Gains in the dollar after stronger-than-expected US non-farm payrolls data also hit dollar-traded oil by making the commodity less affordable to holders of other currencies.
Saudi Arabia will freeze its oil output only if Iran and other major producers do so, Saudi Deputy Crown Prince Mohammed bin Salman told Bloomberg in an interview, helping push prices lower earlier in the day.
Brent crude for June delivery fell $1.48 to $38.85 a barrel as of 1330 GMT, down 3.8 per cent. Brent rose 6 per cent in the first quarter of this year, its first such increase since a 15 per cent rally in the second quarter of 2015.
US crude fell $1.43 to $36.91 a barrel.
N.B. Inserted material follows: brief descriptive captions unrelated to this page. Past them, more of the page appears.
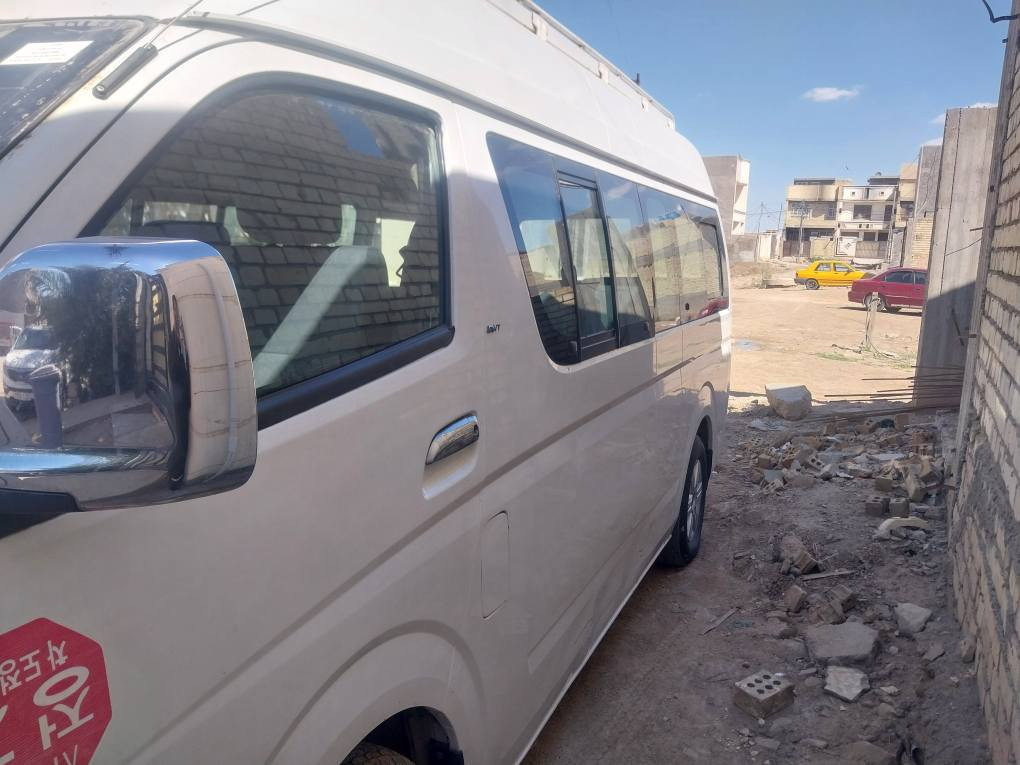 فتون c2عالية الكصيف  محرك جبير تمام كير صدر تمام مابيها صبغ ولا ضربة بس دحجات تبريد ١٤ راكب رقم بغداد بسمي مصفرة هيئة وضريبة مكان بغداد  للتواصل *********** واتس السعر المطلوب ١١٠ وبيها مجال البيع عقد مروري وشرط التحويل بغداد, العراق
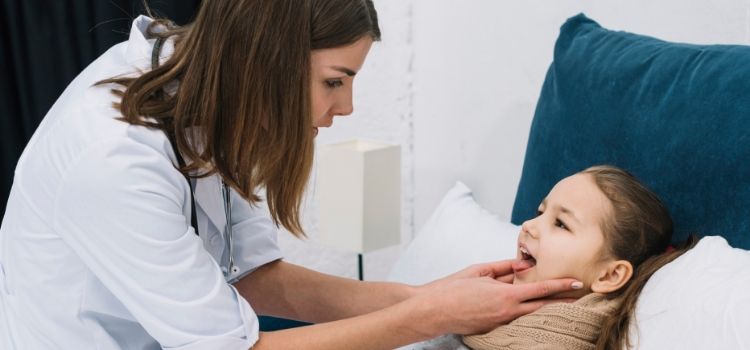 principais sintomas de infecção no ouvido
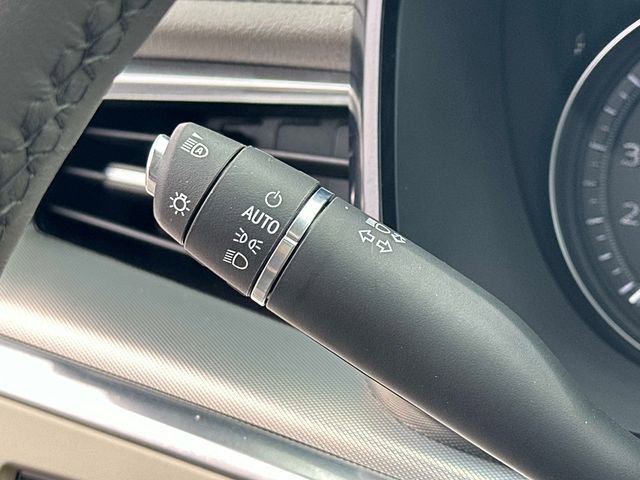 Used 2023 Cadillac XT5 Premium Luxury w/ Technology Package image 9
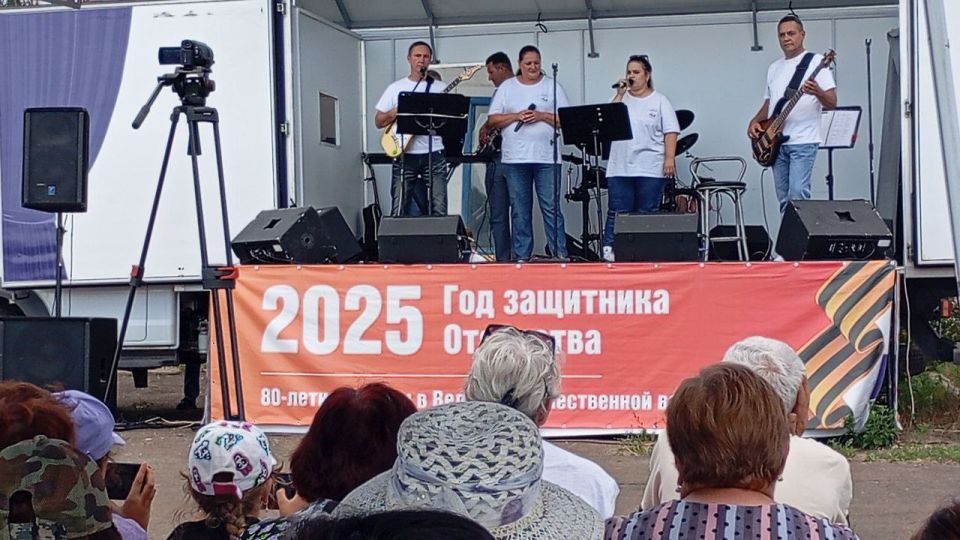 Сила – в единстве. В селе Суженка состоялся концерт в рамках проекта «Сила единства. Володарский район»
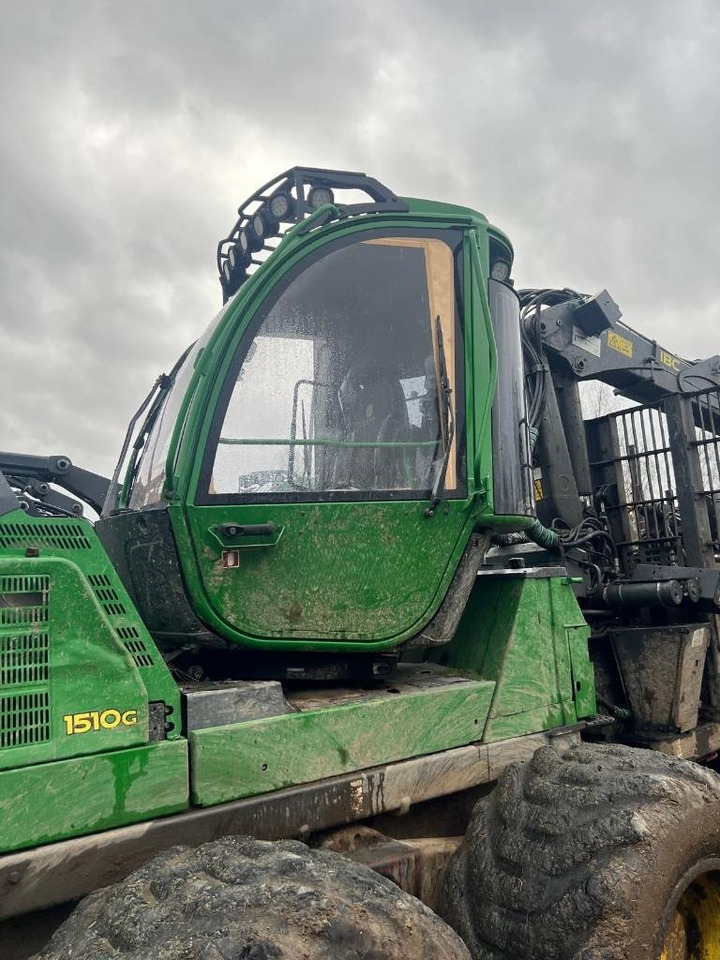 John Deere 1510 G - Kombajn za šumarstvo: slika 2 John Deere 1510 G - Kombajn za šumarstvo: slika 2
Prices rose almost 4 per cent over January-March, also the first quarterly gain since surging nearly 25 per cent in the second quarter of last year.
US employment increased solidly in March and wages rebounded, signs of economic resilience that could allow a cautious Federal Reserve to raise interest rates gradually this year. "I think (the payrolls report) is probably what's sent us over the edge in oil," CMC markets analyst Jasper Lawler said.
A Reuters monthly survey showed this week that OPEC output rose in March on higher supply from Iran after the lifting of sanctions and near-record exports from southern Iraq.
Oil prices fell despite China's official Purchasing Managers' Index showing an unexpected expansion in March, the first in nine months.
Putting a floor under prices in earlier trade was a drop in US crude output, falling for a fourth straight month in January to the lowest since October 2014.